Content starts

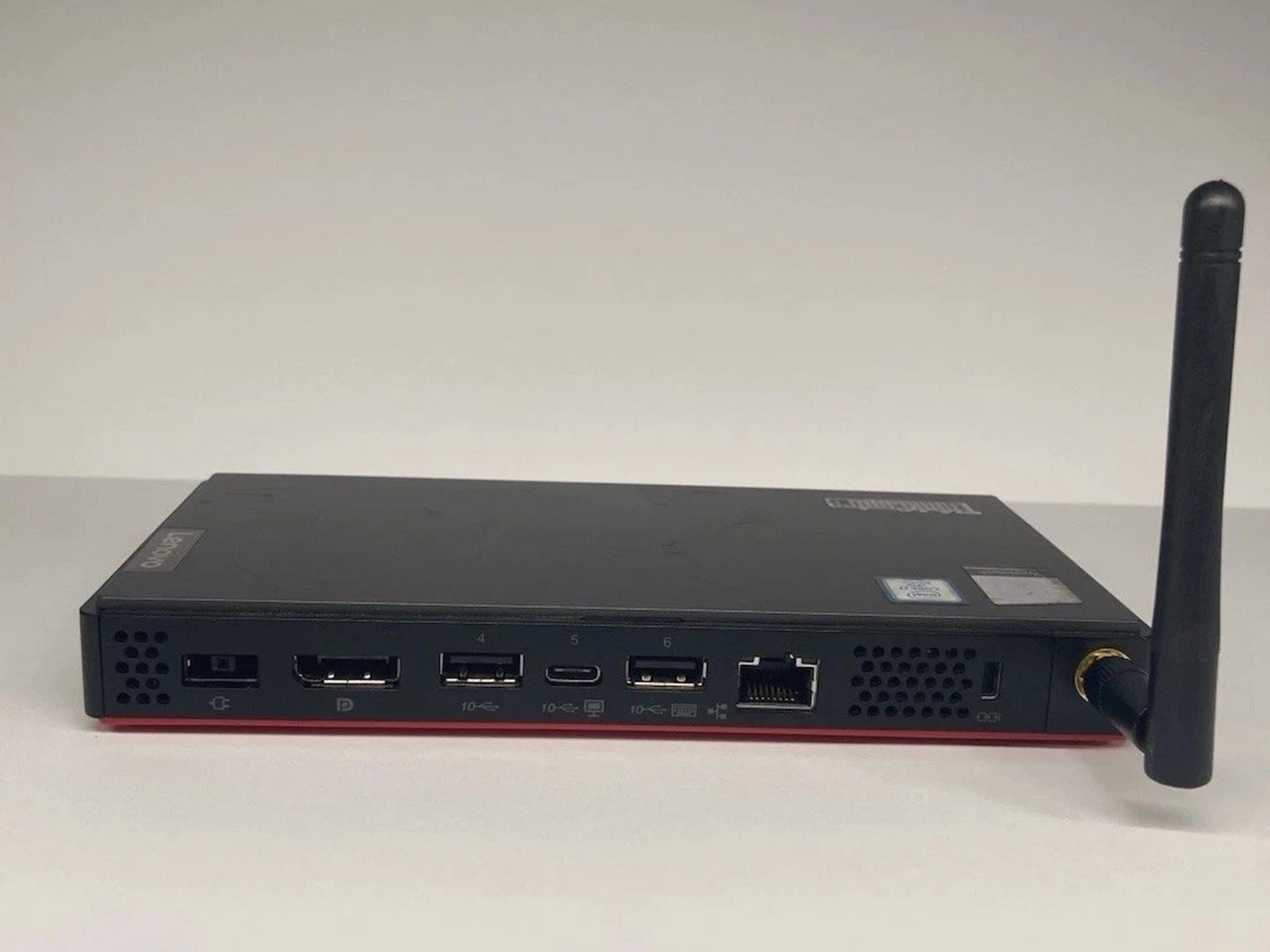 ENOVO ThinkCentre M90n i7 -8665U 8GB RAM 120 GB SSD Windows 11 pro PC Nano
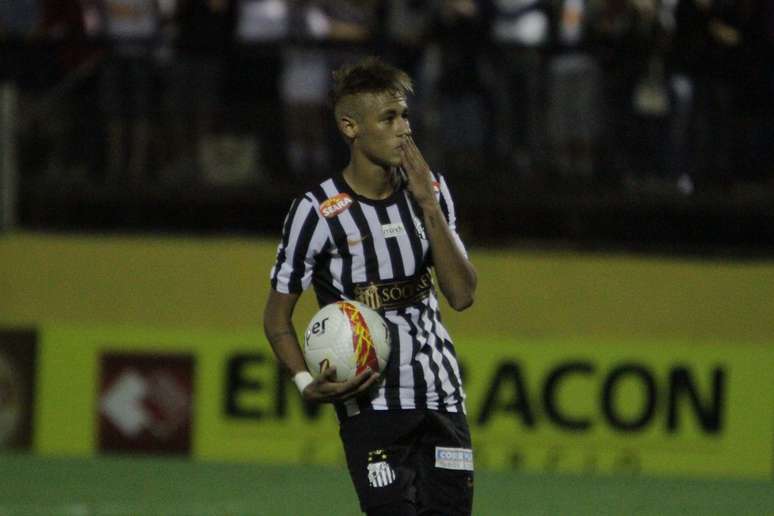 Neymar cavou quatro dos cinco amarelos do Bragantino no jogo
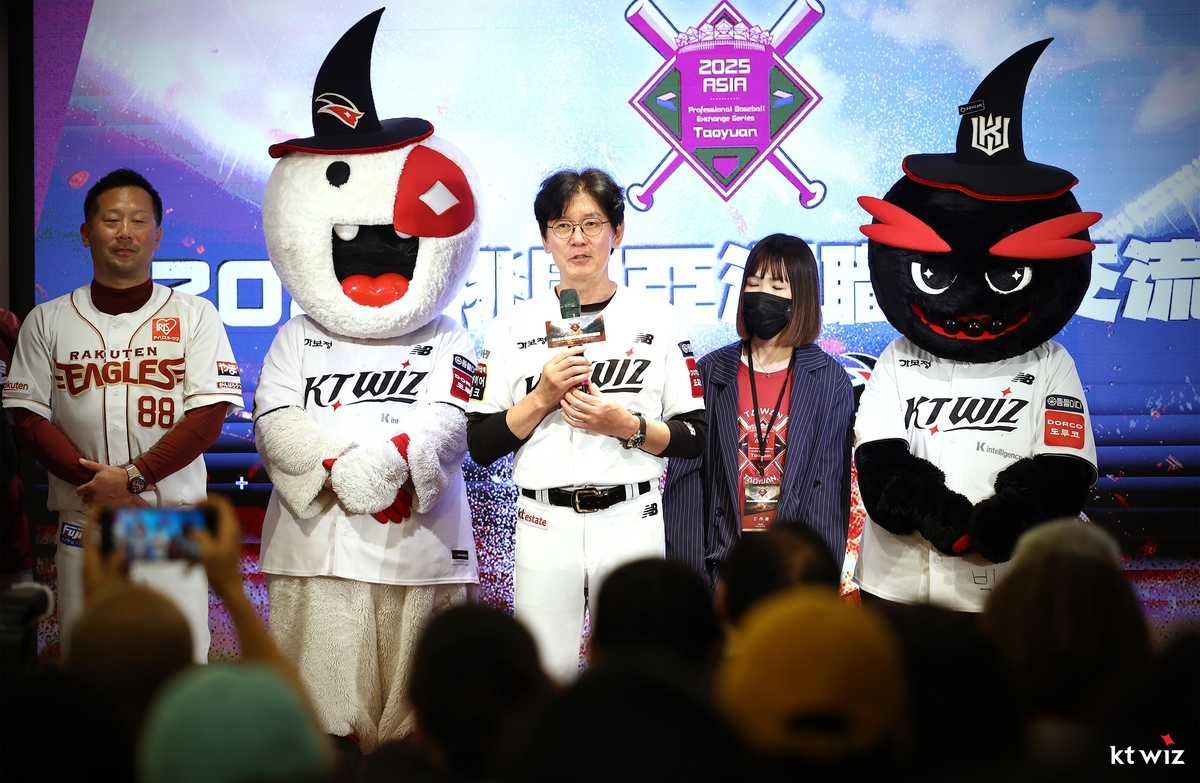 소감 밝히는 이강철 감독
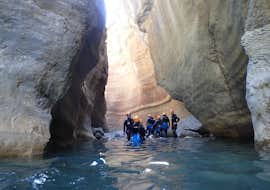 Canyoning avanzado en el barranco de la Boca del Infierno con UR Pirineos Murillo de Gállego Durante el tour de canyoning para avanzados en el cañón Infierno, los participantes marchan por el río y admiran las impresionantes formaciones rocosas junto con UR Pirineos.
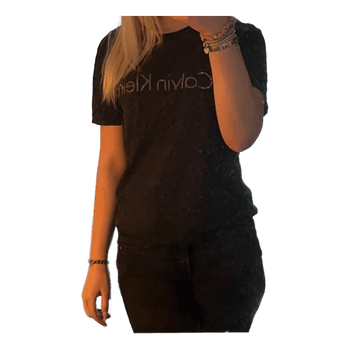 Musta Calvin Klein t-paita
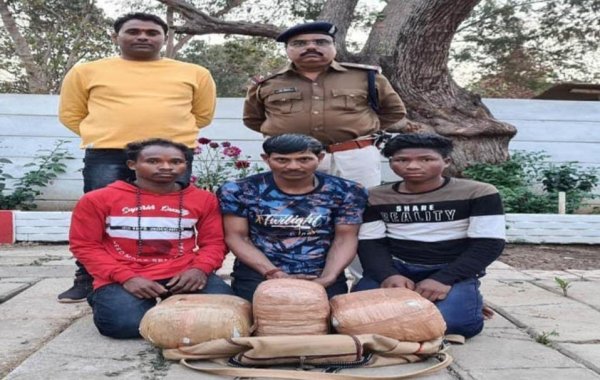 एक लाख गांजे के साथ तीन आरोपी गिरफ्तार - दुर्ग पुलिस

Content ends

■ **WORK REQUEST**: Could you retype each line of the material above exactly, skipping the pictures?

■ **EXPECTED OUTPUT**:
 ENOVO ThinkCentre M90n i7 -8665U 8GB RAM 120 GB SSD Windows 11 pro PC Nano
 Neymar cavou quatro dos cinco amarelos do Bragantino no jogo
 소감 밝히는 이강철 감독
 Canyoning avanzado en el barranco de la Boca del Infierno con UR Pirineos Murillo de Gállego Durante el tour de canyoning para avanzados en el cañón Infierno, los participantes marchan por el río y admiran las impresionantes formaciones rocosas junto con UR Pirineos.
 Musta Calvin Klein t-paita
 एक लाख गांजे के साथ तीन आरोपी गिरफ्तार - दुर्ग पुलिस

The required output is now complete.